Like anyone else, Yeshua the Nazarene, known to us as Jesus, had his good points and his bad points. As with anyone else, we have to take the bad with the good.
Traditionalist Christians assert that Jesus claimed to be maschiach — the messiah, the christ, the anointed one, understood at that time to mean the warrior-king who would vanquish Israel's oppressors and usher in God's reign. If he did make that claim, he didn't deliver on it.
Some traditionalists assert that Jesus claimed to be God incarnate. There's essentially no credible evidence to support that assertion. Only the Fourth Gospel says so, and it has all the earmarks of a late, imaginative revisionism. And even if Jesus did make such a claim, there's no reason to take his word for it.
C.S. Lewis facilely says that anyone saying the things Jesus did had to be either liar, lunatic, or Lord. That's a false trichotomy. There’s no reason to think Jesus couldn’t have been a singularly gifted prophet and, at the same time, a little bit nuts (as his family seemed to have thought).

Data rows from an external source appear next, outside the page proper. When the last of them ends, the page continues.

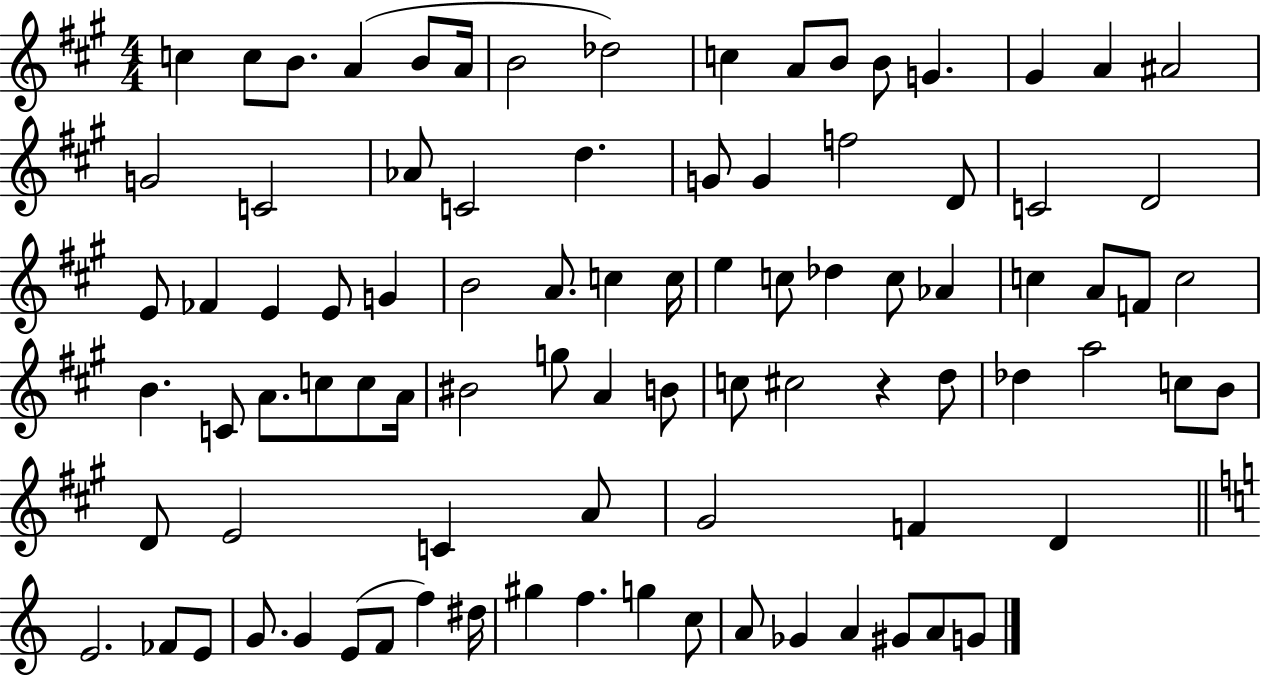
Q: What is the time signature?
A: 4/4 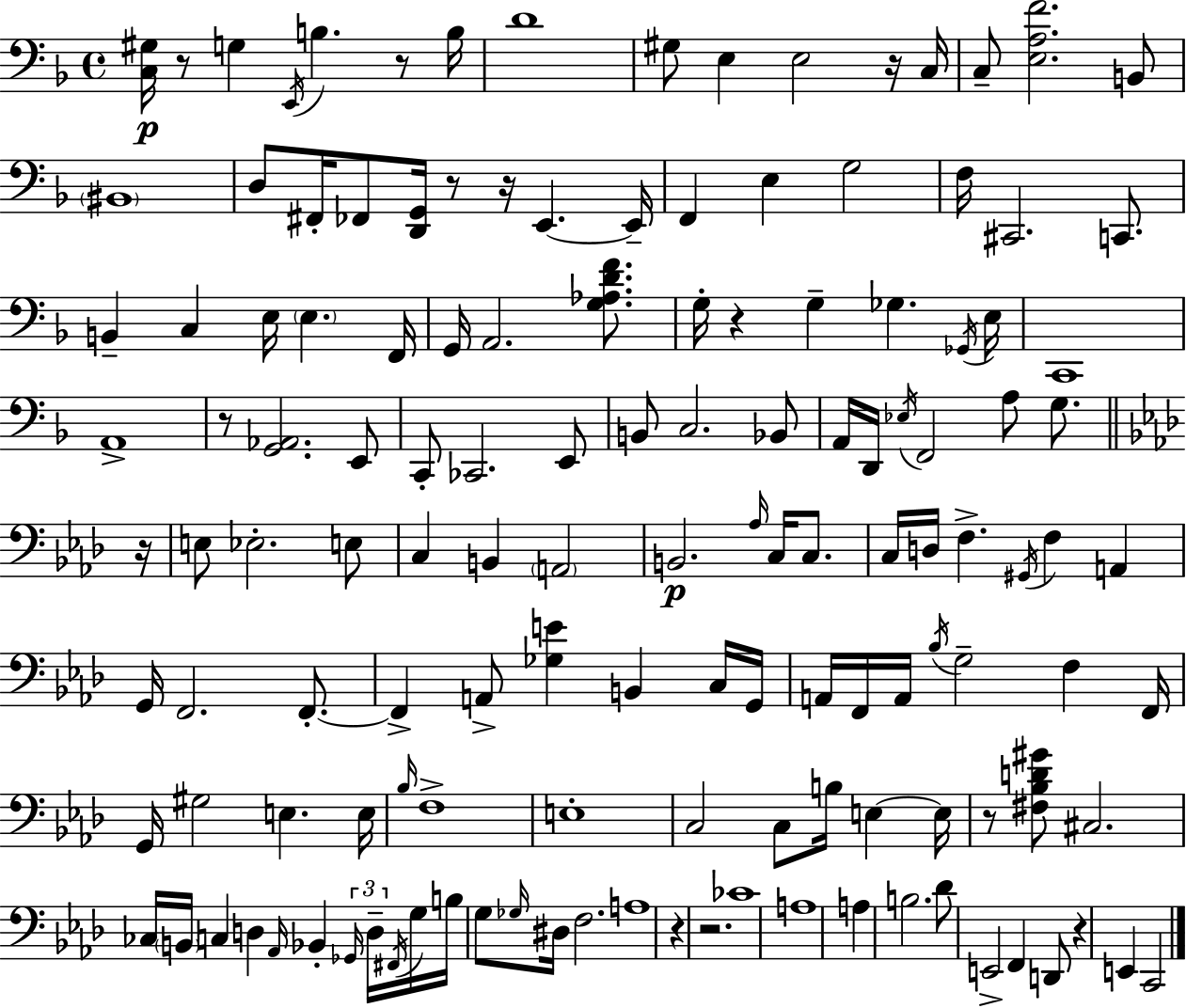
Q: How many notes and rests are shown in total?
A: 139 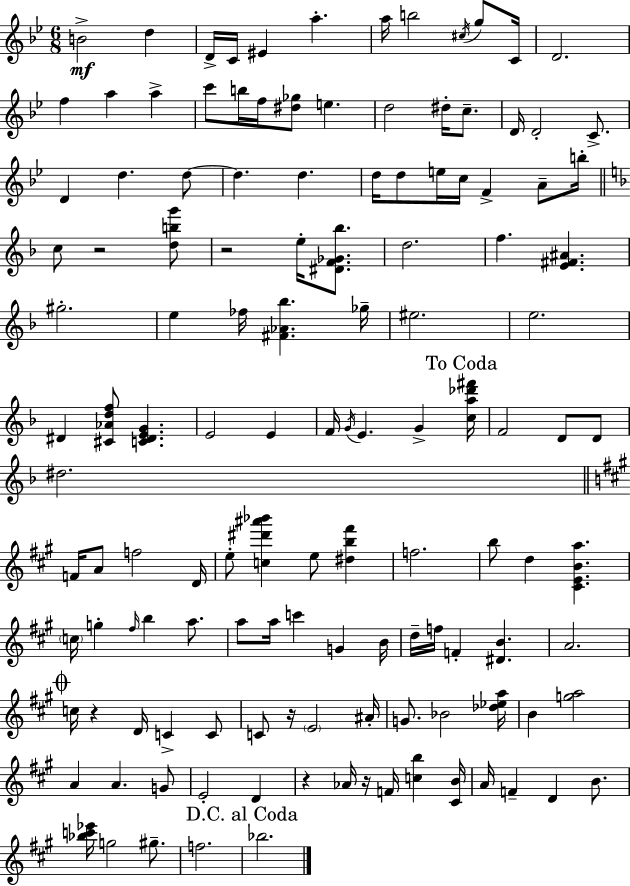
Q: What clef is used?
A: treble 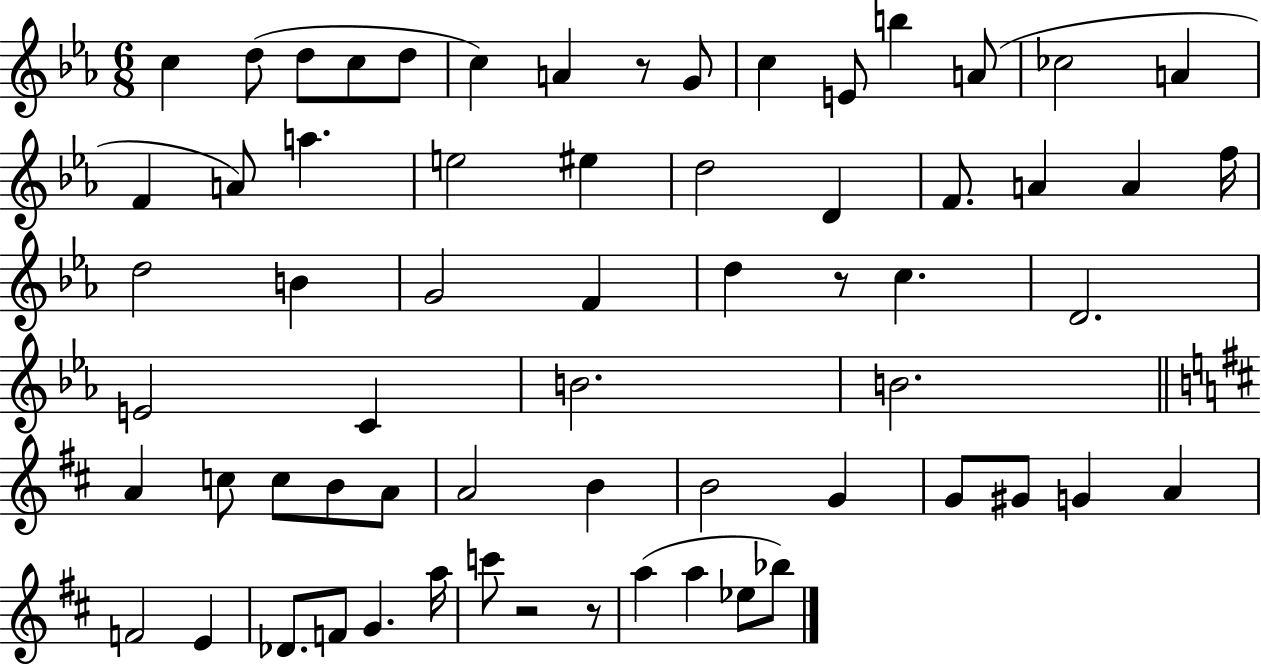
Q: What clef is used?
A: treble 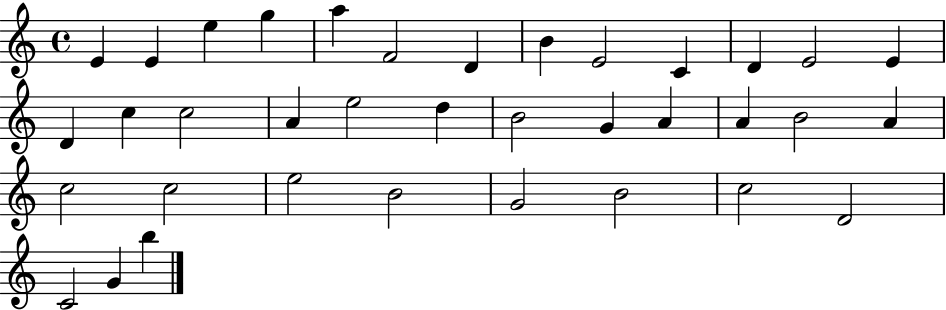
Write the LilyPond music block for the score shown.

{
  \clef treble
  \time 4/4
  \defaultTimeSignature
  \key c \major
  e'4 e'4 e''4 g''4 | a''4 f'2 d'4 | b'4 e'2 c'4 | d'4 e'2 e'4 | \break d'4 c''4 c''2 | a'4 e''2 d''4 | b'2 g'4 a'4 | a'4 b'2 a'4 | \break c''2 c''2 | e''2 b'2 | g'2 b'2 | c''2 d'2 | \break c'2 g'4 b''4 | \bar "|."
} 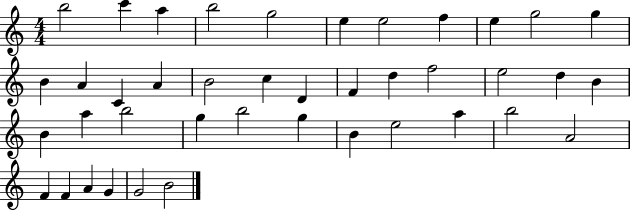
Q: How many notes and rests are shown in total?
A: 41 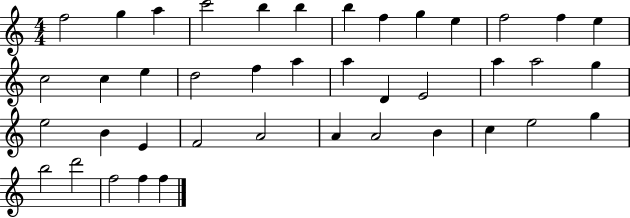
F5/h G5/q A5/q C6/h B5/q B5/q B5/q F5/q G5/q E5/q F5/h F5/q E5/q C5/h C5/q E5/q D5/h F5/q A5/q A5/q D4/q E4/h A5/q A5/h G5/q E5/h B4/q E4/q F4/h A4/h A4/q A4/h B4/q C5/q E5/h G5/q B5/h D6/h F5/h F5/q F5/q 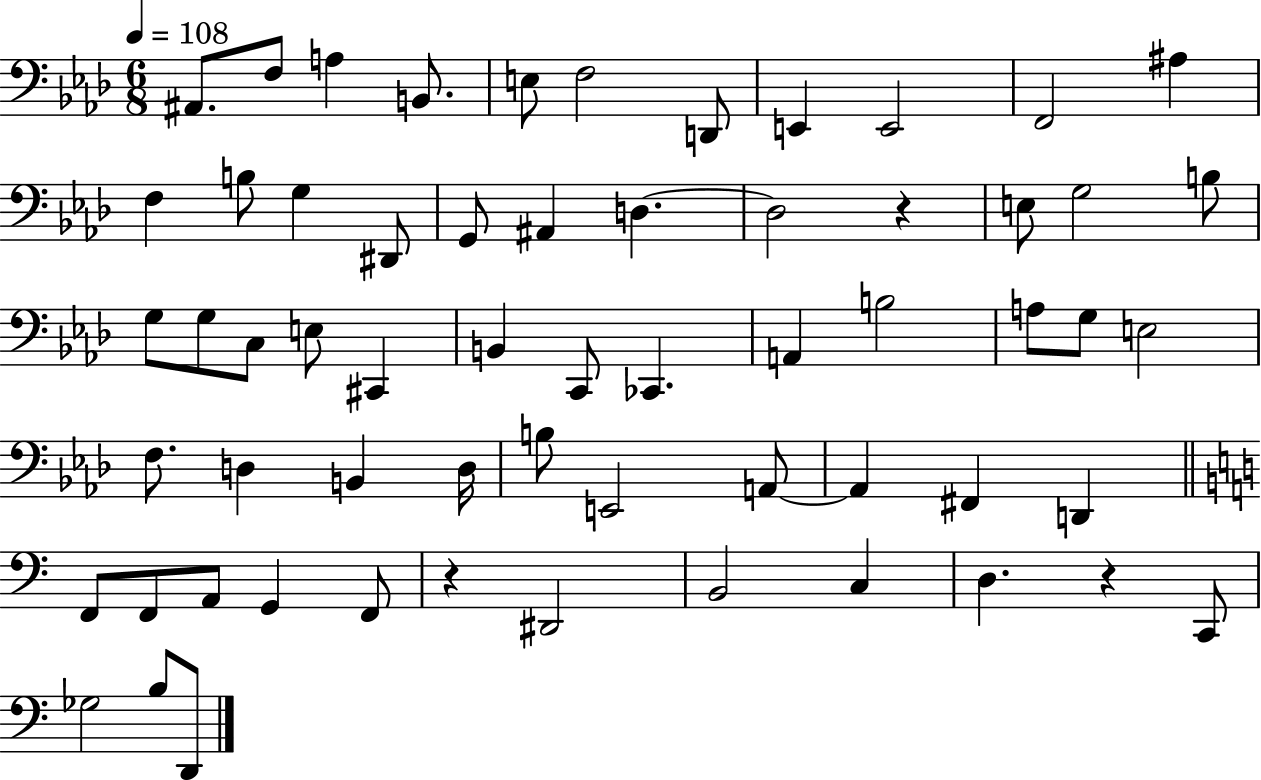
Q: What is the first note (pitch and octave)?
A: A#2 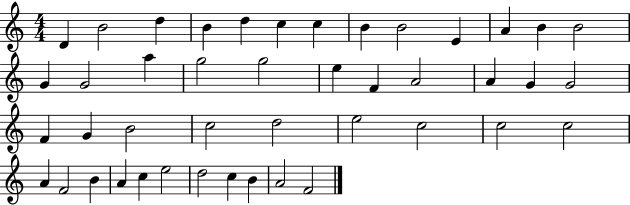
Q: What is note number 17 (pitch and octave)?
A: G5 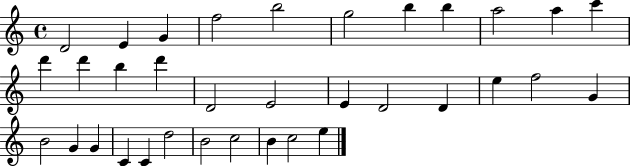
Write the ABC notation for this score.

X:1
T:Untitled
M:4/4
L:1/4
K:C
D2 E G f2 b2 g2 b b a2 a c' d' d' b d' D2 E2 E D2 D e f2 G B2 G G C C d2 B2 c2 B c2 e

Still, Jesus is worth emulating. The things he stressed have proved to be solid guides for leading a fulfilled, useful life (not to mention pillars of the human race's evolutionary success). Jesus stressed, for example:
- the Great Commandment — putting Ultimate Reality first, loving "him" with our whole heart, mind, soul, and strength;
- the Summary of the Law — seeking the best for our neighbor as we would for ourselves (and our neighbor is anyone who crosses our path);
- facing the facts and adapting accordingly, instead of insisting on living in a fantasy world that exists only in our imaginations;
- trusting that, no matter how bad things may seem, in the end all will be well.
And Jesus is also worth emulating because he was faithful to his duty to God as his saw it, even unto death.
(Harvested from a pretty-intense discussion this past weekend at TitusOneNine.)